Maverix Receives Court Approval For Arrangement With Triple Flag Precious Metals Corp; Triple Flag Will Acquire All Of The Issued And Outstanding Shares Of Maverix For The Consideration Of Either $3.92 In Cash Or 0.360 Of A Common Share Of TFPM
Maverix Metals Inc. ("Maverix" or the "Company") (NYSE American; MMX) (TSX:MMX) is pleased to announce that the Ontario Superior Court of Justice (Commercial List) has granted a final order approving the previously announced acquisition of Maverix by Triple Flag Precious Metals Corp. ("Triple Flag") by way of plan of arrangement in accordance with the Canada Business Corporations Act (the "Arrangement").

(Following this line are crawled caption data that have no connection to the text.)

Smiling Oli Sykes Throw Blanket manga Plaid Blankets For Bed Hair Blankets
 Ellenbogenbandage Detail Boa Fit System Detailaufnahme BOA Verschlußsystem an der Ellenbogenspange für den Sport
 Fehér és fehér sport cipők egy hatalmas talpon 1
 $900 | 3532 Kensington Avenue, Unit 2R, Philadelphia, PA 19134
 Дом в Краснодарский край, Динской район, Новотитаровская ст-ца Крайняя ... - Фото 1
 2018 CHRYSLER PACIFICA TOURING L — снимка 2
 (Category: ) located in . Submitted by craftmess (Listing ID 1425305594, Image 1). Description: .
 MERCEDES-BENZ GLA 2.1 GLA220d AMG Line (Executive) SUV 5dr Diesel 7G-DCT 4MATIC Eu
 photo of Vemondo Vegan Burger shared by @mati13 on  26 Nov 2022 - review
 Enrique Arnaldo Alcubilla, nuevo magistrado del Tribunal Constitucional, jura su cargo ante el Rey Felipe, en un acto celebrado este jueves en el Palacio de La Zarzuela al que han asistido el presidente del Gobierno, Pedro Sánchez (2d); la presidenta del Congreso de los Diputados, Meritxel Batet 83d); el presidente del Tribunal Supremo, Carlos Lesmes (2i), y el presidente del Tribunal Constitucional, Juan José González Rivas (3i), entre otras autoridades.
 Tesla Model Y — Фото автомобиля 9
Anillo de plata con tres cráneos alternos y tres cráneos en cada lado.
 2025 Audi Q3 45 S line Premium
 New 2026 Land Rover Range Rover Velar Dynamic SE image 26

Pursuant to the terms of the Arrangement, Triple Flag will acquire all of the issued and outstanding shares of Maverix for the consideration of either US$3.92 in cash or 0.360 of a common share of Triple Flag per Maverix share held (the "Consideration").
Maverix shareholders were entitled to make an election for their form of consideration by the election deadline of 5:00 p.m. (Toronto time) on January 11, 2023 (the "Election Deadline"). The shareholder election in respect of the Consideration is subject to pro-ration such that the cash consideration will not exceed 15% of the total consideration and the share consideration will not exceed 85% of the total consideration. Maverix shareholders who did not elect to receive either all Triple Flag shares or all cash by the Election Deadline are deemed to have elected the default consideration of 0.360 of a Triple Flag share per Maverix share held. As previously reported, a total of 38,309,854 shares will be tendered for cash consideration, representing approximately 26% of the total issued and outstanding shares of Maverix, and a total of 7,323,240 shares will be tendered for share consideration, which combined with 101,746,260 common shares that did not make election and defaulted to being tendered for share consideration, represents approximately 74% of the total issued and outstanding shares of Maverix.
Subject to the satisfaction or waiver of the remaining conditions to closing contained in the arrangement agreement dated November 9, 2022 between Maverix and Triple Flag, the Arrangement is expected to be effected on or about January 19, 2023.
Following completion of the Arrangement, Maverix expects to delist its common shares from the Toronto Stock Exchange and the New York Stock Exchange. Maverix will also apply to the Canadian securities regulators to cease to be a reporting issuer in the applicable jurisdictions following the completion of the Arrangement.